Source data:
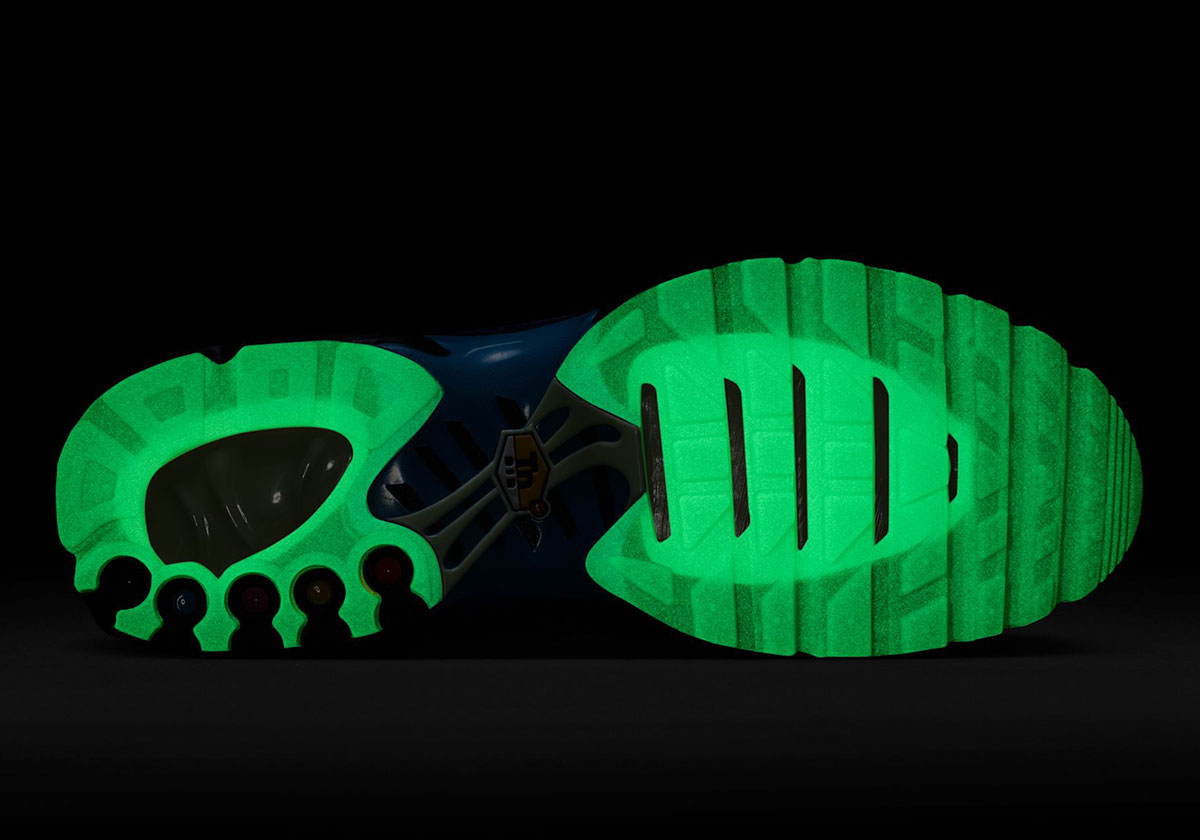 Nike Air Max Plus Doernbecher Io7690 921 16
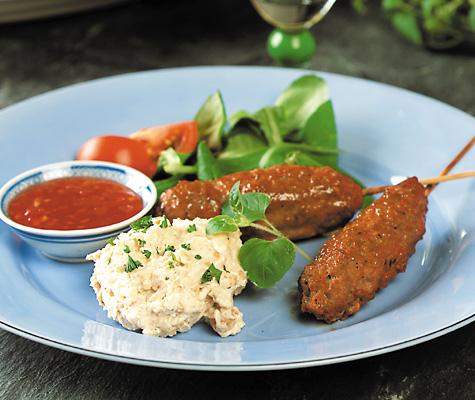Köttfärsspett med kikärtsröra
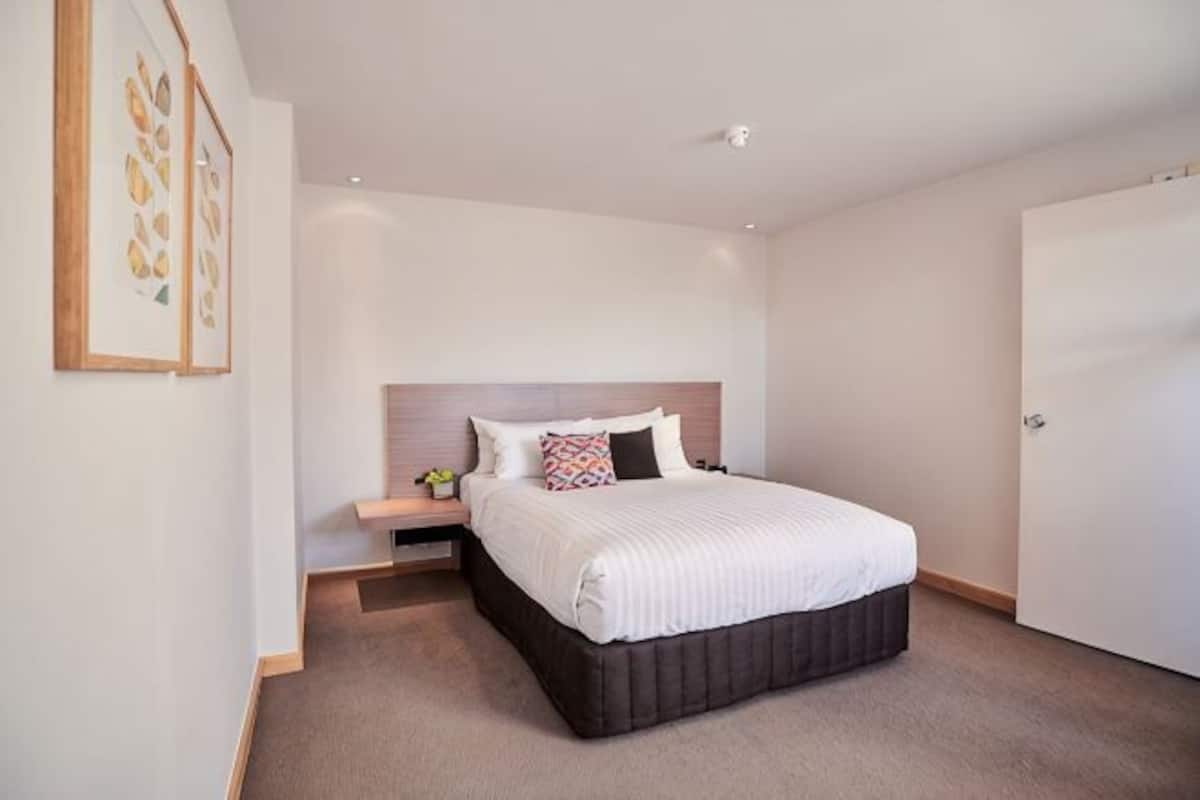 Premium bedding, minibar, in-room safe, blackout curtains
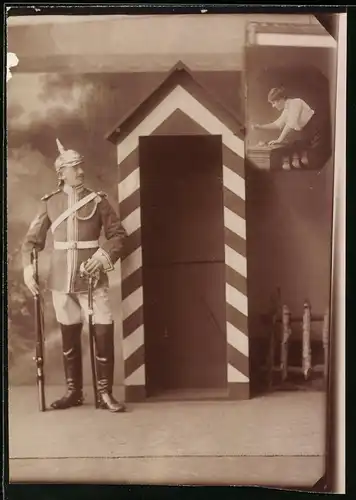 Fotografie Brück & Sohn Meissen, Ansicht Meissen i. Sa., Soldat der Gardereiter in Uniform mit Pickelhaube, Schilderhaus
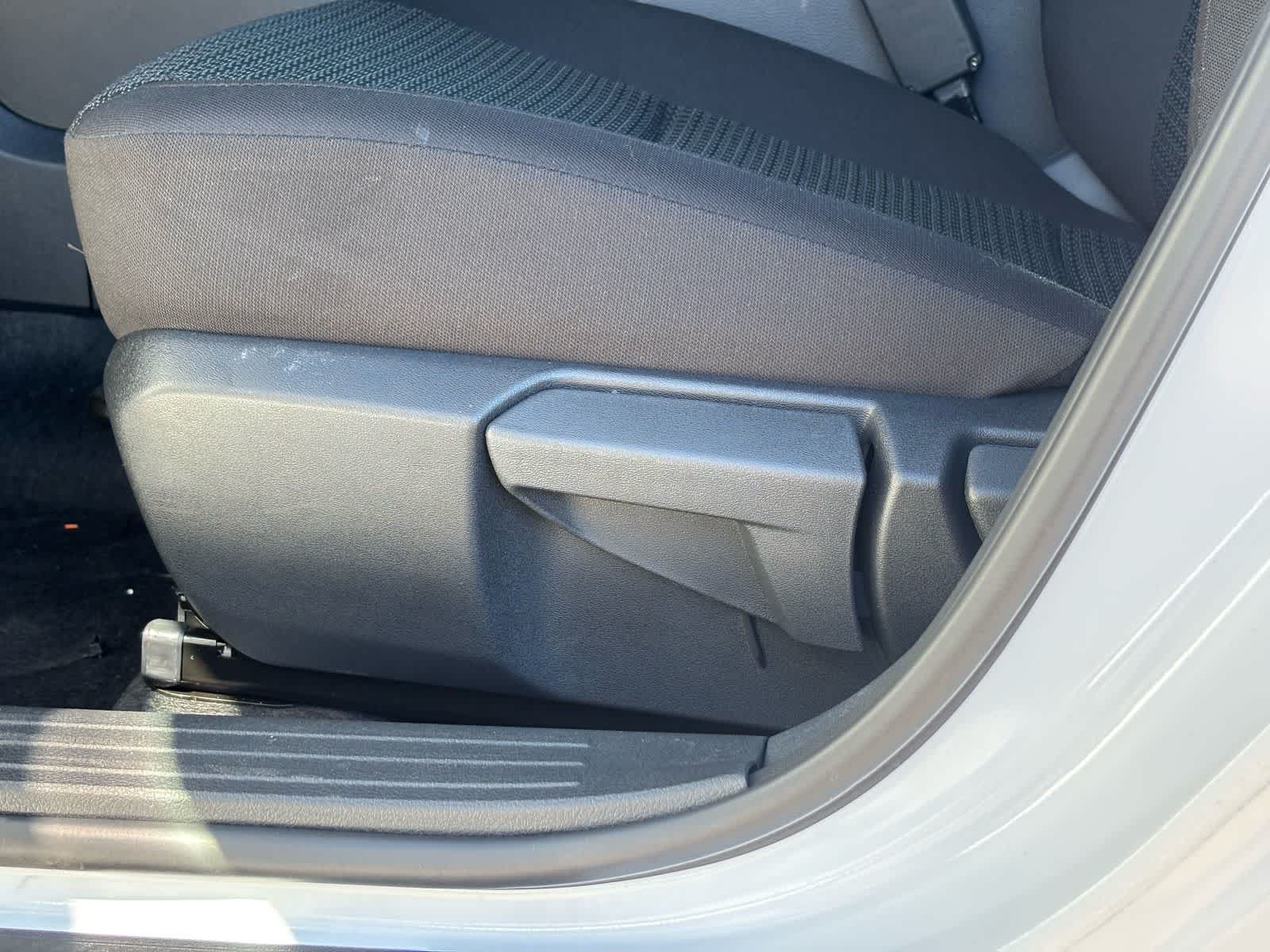 Thumbnail: 2026 Nissan Kicks - 14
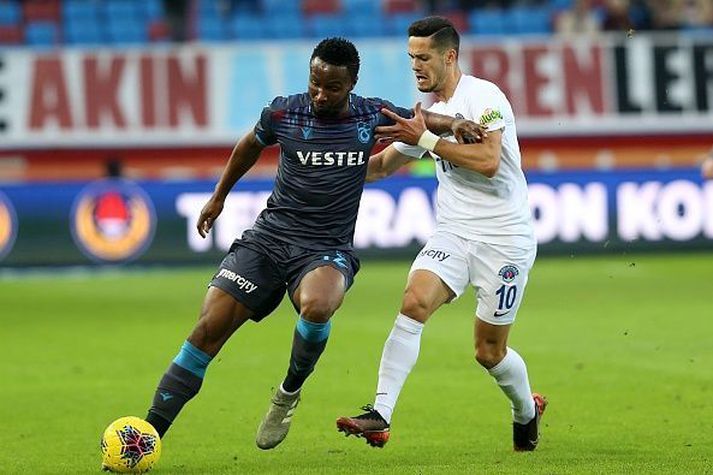 John Obi Mikel í leik með Trabzonspor fyrr í vetur en nú hefur hann fengið nóg og er hættur.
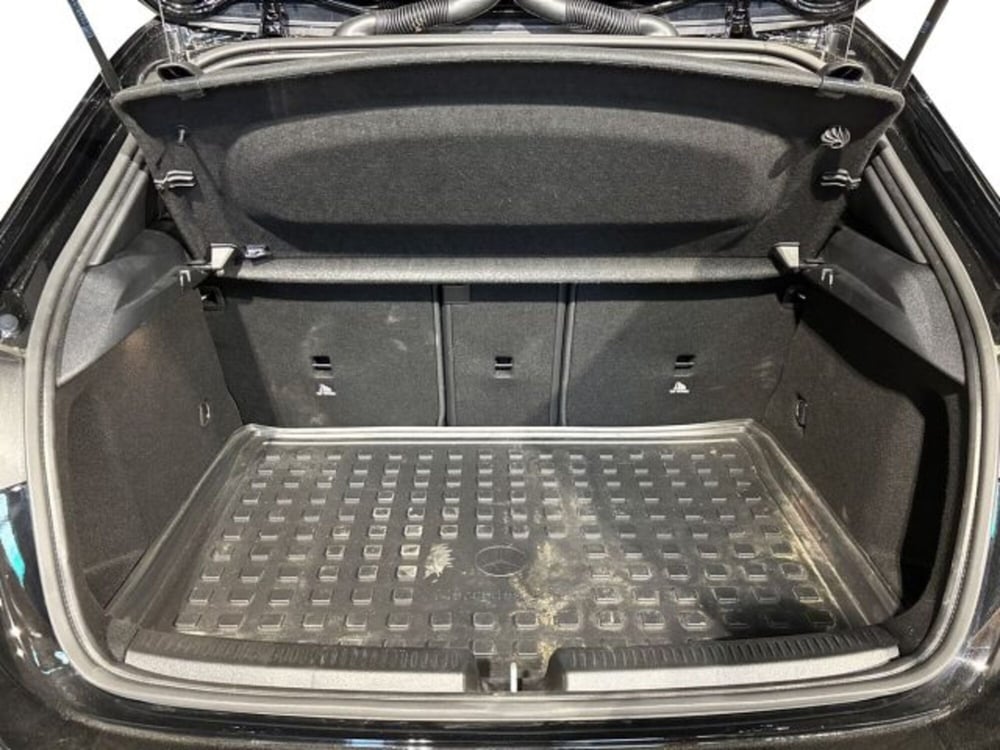 Mercedes-Benz Classe A Sedan usata a Bologna (8)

Description of the task:
Copy exactly the lines running from the beginning of the listing through the line that has "John Obi Mikel". Drop the pictures.

Written solution:
 Nike Air Max Plus Doernbecher Io7690 921 16
Köttfärsspett med kikärtsröra
 Premium bedding, minibar, in-room safe, blackout curtains
 Fotografie Brück & Sohn Meissen, Ansicht Meissen i. Sa., Soldat der Gardereiter in Uniform mit Pickelhaube, Schilderhaus
 Thumbnail: 2026 Nissan Kicks - 14
 John Obi Mikel í leik með Trabzonspor fyrr í vetur en nú hefur hann fengið nóg og er hættur.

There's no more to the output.